When logic just isn't enough.

Sometimes your brain and your heart just can't seem to get along. It happens, oh, probably hundreds of times a day - when you KNOW you should be acting a certain way - but you're not able to convince yourself to actually do it.


I recently performed a rather remarkable thought experiment on myself - and I'm finally ready to share it.


I'd been doing some research on the power of visualization - about how it can help you to internalize ideas and effectively re-wire your brain, by concretizing the emotions and behaviors you would ideally like to experience.

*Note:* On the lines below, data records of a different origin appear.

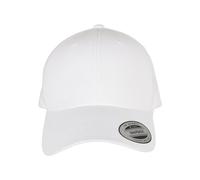 Flexfit Unisex Premium Curved Visor Snapback Cap Baseball Cap, White, One Size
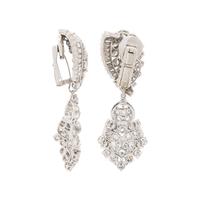 PLATINUM AND DIAMOND PENDANT EARRINGS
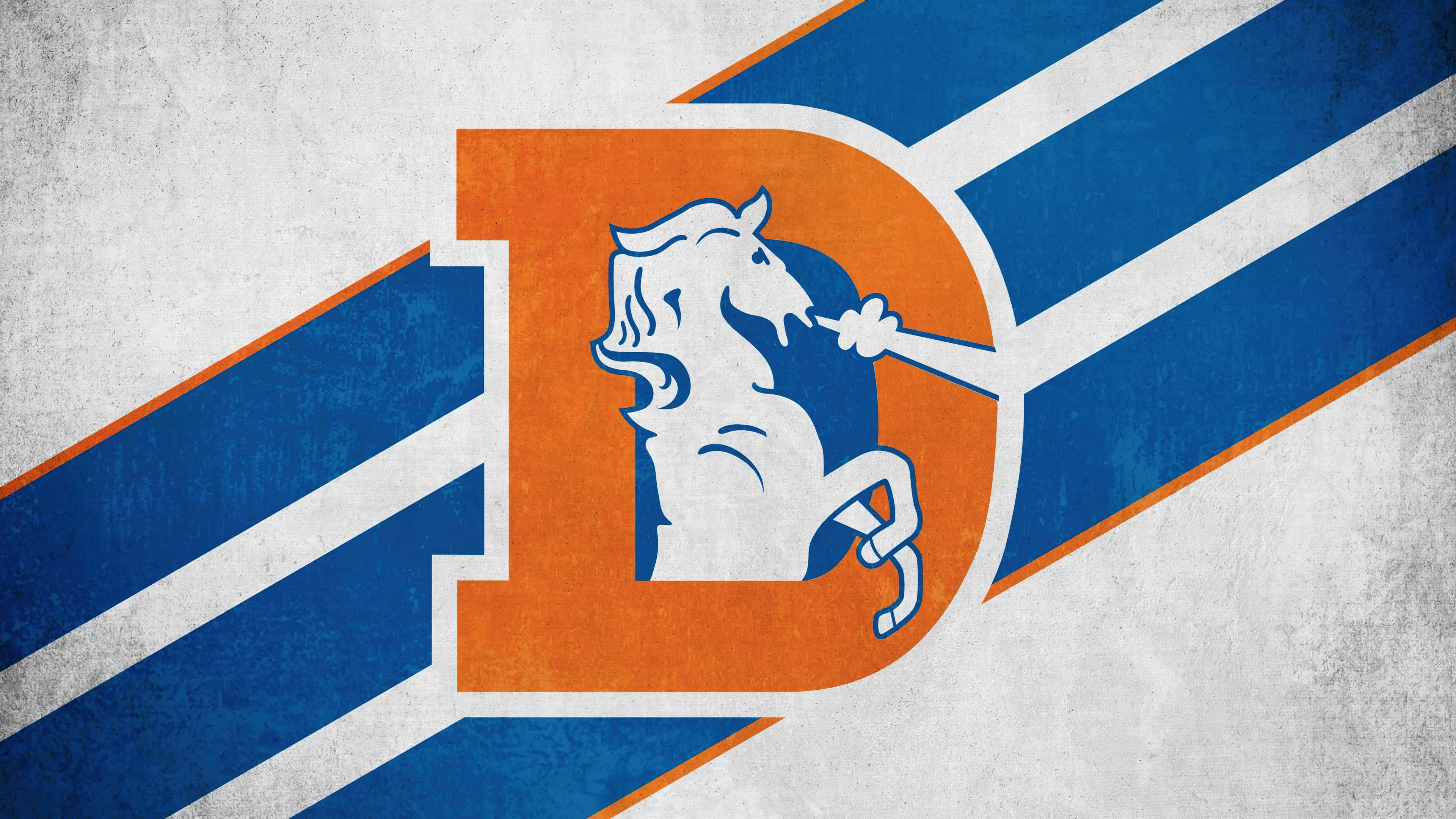 Miles, the mascot of the Denver Broncos football team.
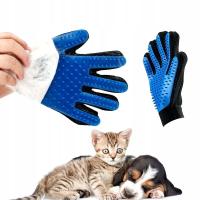 Перчатка щетка для расчесывания шерсти собаки кошки для ласки и расчесывания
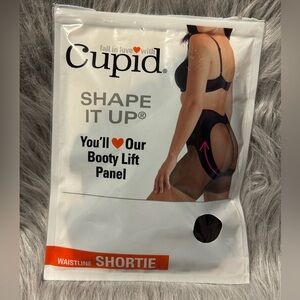 Cupid Shapewear Womens Size Large Shape It Up Waistline Shortie Firm‎ Control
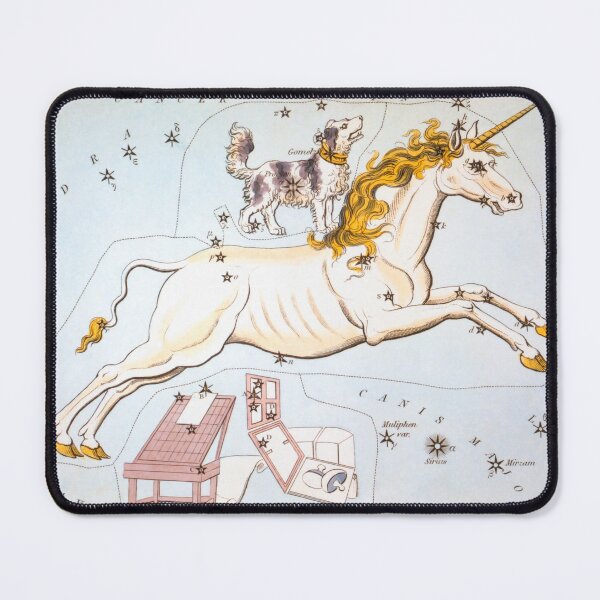 Item preview, Antique Constellation Map of Monoceros (unicorn), Canis Minor (little dog) designed and sold by VintageArchive.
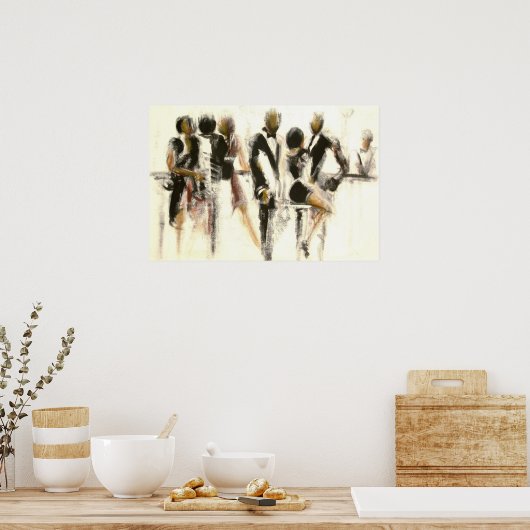 Le Bar du vernissage Poster (Küche)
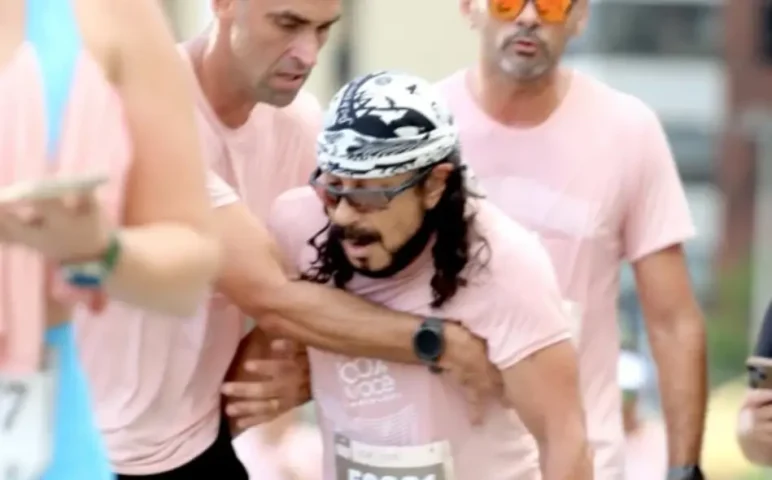 Bell Marques passa mal em corrida de rua; cantor se pronuncia em rede social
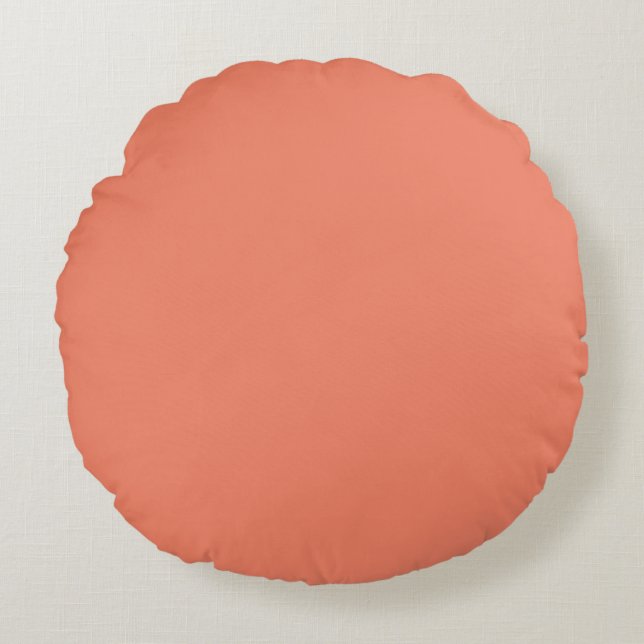 Round Throw Pillow | Coral Accent Décor (Front)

In particular, I was fascinated by the ideas brought down in the spectacular book Battle Plans, by Rebbetzin Tziporah Heller (Gottlieb) and Sara Yocheved Rigler. In it, the authors describe varying methods from Torah sources, for fighting the Yetzer Hara.


One such method included creating a visualization for Mr. Hara himself.


Take a minute and think - what does the yetzer hara look like when you're in a conflict? When you're indignant and annoyed, and you're sure you're in the right?


Does he appear as the sophisticated, cool guy with the sarcastic sense of humor, egging you on? The well dressed gentleman with the self-righteous, all-knowing airs, pushing you to the eye-rolling, voice-raising, silent-treating reactions that seem so deliciously justified? Hmmmm?


But what if you consciously re-created him? What if you turned him into a laughably lame caricature? What if, instead of the debonair, suave image of the enticer, we could learn to identify that voice as coming from a ridiculous, despicable, or absurd character? Now how attractive does his advice sound?


Oh, right, so you want to hear about my experiment, right?


So here's my story. But before you read it, I should warn you about one of the fascinating things about visualizations. When you get deep into them, they sometimes take on a life of their own. And they can go in a direction you didn't actually plan or expect.


So... I was annoyed at something my husband had done. It was really a minor thing. And I KNEW it was silly to hold on to it, and I KNEW it was unnecessarily putting me in a nasty mood. I tried to let go of it, but I Just. Couldn't.


Before I went to sleep, I suddenly got a picture in my head of a homeless man I had seen on one of my infrequent trips on the NYC subway. He was disheveled and unshaven, with newspapers tucked inside his ragged clothing to keep warm, mumbling endlessly to no one in particular (and no, he didn't have an earbud in his ear).


And I thought - there he is. There's my yetzer hara.


And in my mind, I handed him my package of annoyance.


When I woke up, I visualized getting off the train. And as I headed past him towards the door, he glanced at me and held out the package he held in his hand. And said "You want it back?"


But that wasn't all. To my surprise, he added, "it's gonna cost you a dollar".


And that was it. I was cured.


I can't say I've never gotten annoyed, upset, or indignant at my husband since then. But I've started to evolve a deeper sense of where those feelings are coming from - and where they take me.


And mostly, that they are almost never worth the cost.


Would you like to experiment with the power of visualization? You can copy mine, or try out one of you own. I'd love to hear about it!